2 This resonates the way in which processes between stage and auditorium are being addressed through the model of a ‘feedback loop’ by Erika Fischer-Lichte. According to Fischer-Lichte, the ‘opposition between acting and observing collapses’ (Fischer-Lichte, Citation2008: 59). As ‘perceiving subjects’, spectators act by doing certains things and by what is happening to them. (This latter aspect – central to me – is not explicit in the English translation of this passage (cf. Fischer-Lichte, Citation2004: 100).)

3 I would like to thank Kai van Eikels for pointing me to that.

4 This is not a closed chapter of theatre history. Besides from evidence that theatrical claques still existed way into the twentieth century (or still operate today, see the documentary on today's Italian opera houses Opernfieber; written and directed by Katharina Rupp, D/CH 2004), the claque has a still vital afterlife most notably in the pre-recorded applause of the television laugh track. There are more recent phenomena though like the professionally organized trading of ‘likes’ on Facebook.

5 Until now, there has not been written any substantial study of the claque, only shorter essays and passages in histories of theatre, opera or music. Nineteenth century literary texts e.g. by Berlioz, Balzac, Villiers de L'Isle-Adam as well as treatises or autobiographies by former claqueurs serve as source material.

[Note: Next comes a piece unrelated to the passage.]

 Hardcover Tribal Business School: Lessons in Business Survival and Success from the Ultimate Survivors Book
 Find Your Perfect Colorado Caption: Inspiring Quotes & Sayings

6 Quote from Ivana Müller's Playing Ensemble Again and Again.

7 This information was accessible at http://www.ctopera.org. After the closing down of the company, the website was shut down.

8 See Rogoff, 2005. Irit Rogoff's account of participation as ‘looking away’ makes an interesting claim for distraction and distorted or defocused attention as an important mode of engagement with art.

9 Weingartner, Felix, Erinnerungen an die, Parsifal‘-Aufführungen 1882’, in Weingartner, Felix (1923) Lebenserinnerungen, Wien/Leipzig, (quoted in Csampai, Citation1984: 131).